• EXERCISE REQUIREMENTS:
Pull each line holding "Home" out of the entries below.

• Saved data entries:
"""

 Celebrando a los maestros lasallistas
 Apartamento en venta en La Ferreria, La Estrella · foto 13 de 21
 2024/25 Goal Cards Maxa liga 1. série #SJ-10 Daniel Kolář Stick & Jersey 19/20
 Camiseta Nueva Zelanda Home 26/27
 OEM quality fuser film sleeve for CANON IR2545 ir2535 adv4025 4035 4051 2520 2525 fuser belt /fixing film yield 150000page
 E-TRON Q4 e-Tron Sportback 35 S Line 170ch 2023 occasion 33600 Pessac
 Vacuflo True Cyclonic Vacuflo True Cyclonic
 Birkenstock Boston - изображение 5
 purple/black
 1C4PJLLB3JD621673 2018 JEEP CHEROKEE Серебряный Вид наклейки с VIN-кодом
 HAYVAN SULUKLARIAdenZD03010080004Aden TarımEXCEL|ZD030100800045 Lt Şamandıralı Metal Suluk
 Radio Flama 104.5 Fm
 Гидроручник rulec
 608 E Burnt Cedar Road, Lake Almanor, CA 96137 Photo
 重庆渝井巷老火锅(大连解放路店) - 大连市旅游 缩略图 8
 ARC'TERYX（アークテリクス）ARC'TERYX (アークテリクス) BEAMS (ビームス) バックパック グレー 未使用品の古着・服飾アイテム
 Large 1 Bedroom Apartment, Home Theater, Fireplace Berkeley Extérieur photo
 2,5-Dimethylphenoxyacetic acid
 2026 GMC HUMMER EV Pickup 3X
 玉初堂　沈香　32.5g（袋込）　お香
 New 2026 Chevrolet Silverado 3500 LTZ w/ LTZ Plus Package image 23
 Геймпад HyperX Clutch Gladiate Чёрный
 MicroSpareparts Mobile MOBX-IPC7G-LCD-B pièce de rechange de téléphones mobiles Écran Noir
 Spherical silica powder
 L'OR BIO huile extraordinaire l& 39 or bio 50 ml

"""

• RESULT BELOW:
 Camiseta Nueva Zelanda Home 26/27
 Large 1 Bedroom Apartment, Home Theater, Fireplace Berkeley Extérieur photo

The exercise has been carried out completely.